**What you will do:**
Using the data below, return the stretch from the line that contains "Bomberos apagando incendio" through the line that contains "Democratic candidate for", both included, exactly as it stands and nothing beyond it.
═════ Records provided ═════
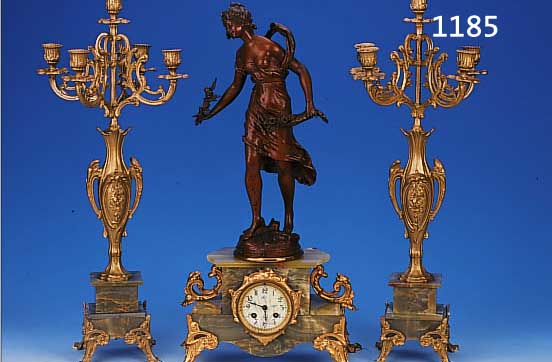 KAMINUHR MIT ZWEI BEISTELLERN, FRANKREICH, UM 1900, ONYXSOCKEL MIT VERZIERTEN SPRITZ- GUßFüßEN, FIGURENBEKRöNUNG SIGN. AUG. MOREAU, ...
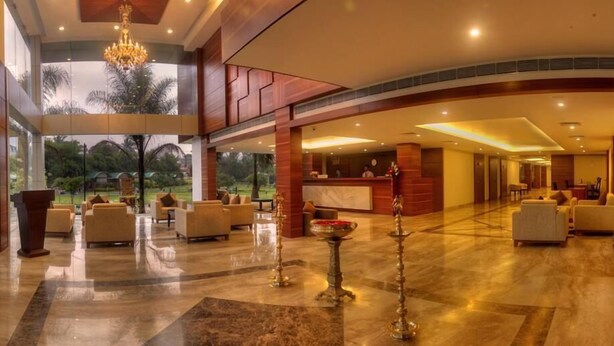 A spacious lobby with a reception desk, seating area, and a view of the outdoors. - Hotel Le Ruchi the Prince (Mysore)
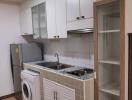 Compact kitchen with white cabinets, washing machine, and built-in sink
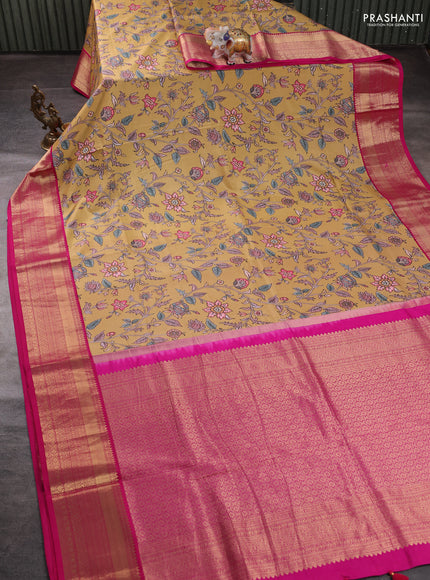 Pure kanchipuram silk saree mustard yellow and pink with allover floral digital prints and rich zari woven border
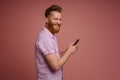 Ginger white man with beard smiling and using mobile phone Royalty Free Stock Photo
═════
═════ Records provided ═════
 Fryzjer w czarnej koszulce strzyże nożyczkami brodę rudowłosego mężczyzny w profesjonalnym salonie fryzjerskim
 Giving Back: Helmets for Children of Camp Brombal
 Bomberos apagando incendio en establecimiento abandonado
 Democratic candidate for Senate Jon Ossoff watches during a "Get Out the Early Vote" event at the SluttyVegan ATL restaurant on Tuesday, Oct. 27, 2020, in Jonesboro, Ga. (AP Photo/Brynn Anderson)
═════
═════ Records provided ═════
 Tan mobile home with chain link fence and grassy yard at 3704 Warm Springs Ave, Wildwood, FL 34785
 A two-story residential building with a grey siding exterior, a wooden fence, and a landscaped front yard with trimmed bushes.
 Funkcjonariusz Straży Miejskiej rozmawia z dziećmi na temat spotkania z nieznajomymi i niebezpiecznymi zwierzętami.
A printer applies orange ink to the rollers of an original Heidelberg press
═════
**Exercise answer:**
 Bomberos apagando incendio en establecimiento abandonado
 Democratic candidate for Senate Jon Ossoff watches during a "Get Out the Early Vote" event at the SluttyVegan ATL restaurant on Tuesday, Oct. 27, 2020, in Jonesboro, Ga. (AP Photo/Brynn Anderson)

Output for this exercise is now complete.